Jets' Adam Gase had an interesting way of complimenting Julian Edelman

The New England Patriots have sustained success over the past twenty years by maintaining continuity.

So much continuity, in fact, that Adam Gase feels like they're creating clones.

The New York Jets head coach was asked Thursday if Patriots wide receiver Julian Edelman reminded him of a certain player. Gase went the expected route -- with an amusing twist.

"Either Wes (Welker) or Danny (Amendola)," Gase said in a conference call with New England media. "I mean, it's like they're cloning guys up there, it feels like sometimes."

Gase is hardly the first to make this comparison: All three wideouts have similar builds (5-foot-11 or shorter, 195 pounds or lighter) and have been target hogs in the Patriots' offense.

Welker was Edelman's predecessor as Tom Brady's favorite slot receiver, amassing 672 catches over six seasons in New England from 2007 to 2012. Edelman immediately flourished after Welker's departure, catching 105 passes for 1,056 yards in 2013.

And when Edelman went down in 2017 with a torn ACL? Amendola stepped right in with 61 catches for 659 yards.

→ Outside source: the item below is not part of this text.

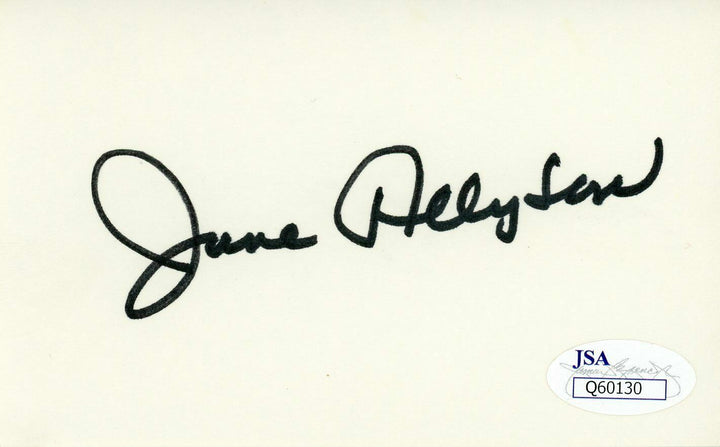 June Allyson Signed Cut Signature JSA COA Autograph Two Girls And A Sailor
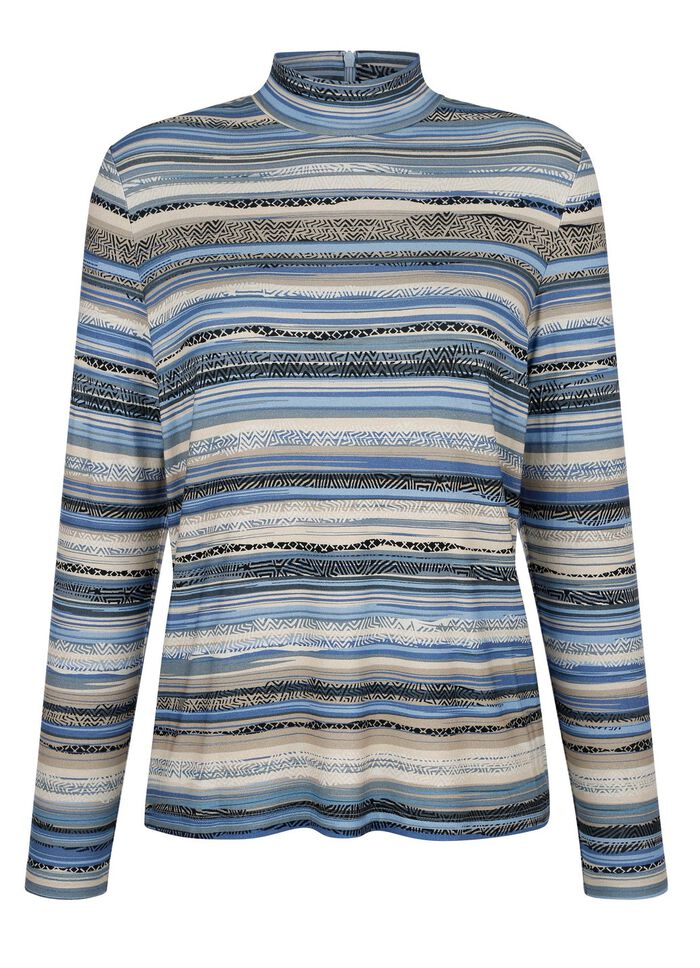 Shirt met korte rits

Edelman has blossomed into much more than just a Welker clone, though, and should be a handful for the Jets on Monday night.

"What makes him such a tough cover is he does a great job with the stem of his routes," Gase added. "The way he plays every play, he plays extremely hard. He makes things look the same. He does a great job after he gets the ball of getting vertical. His run-after-catch has really been something that he's created a lot of yards. There's so much he can do, inside and outside."

" ... He does exactly what those guys need him to do."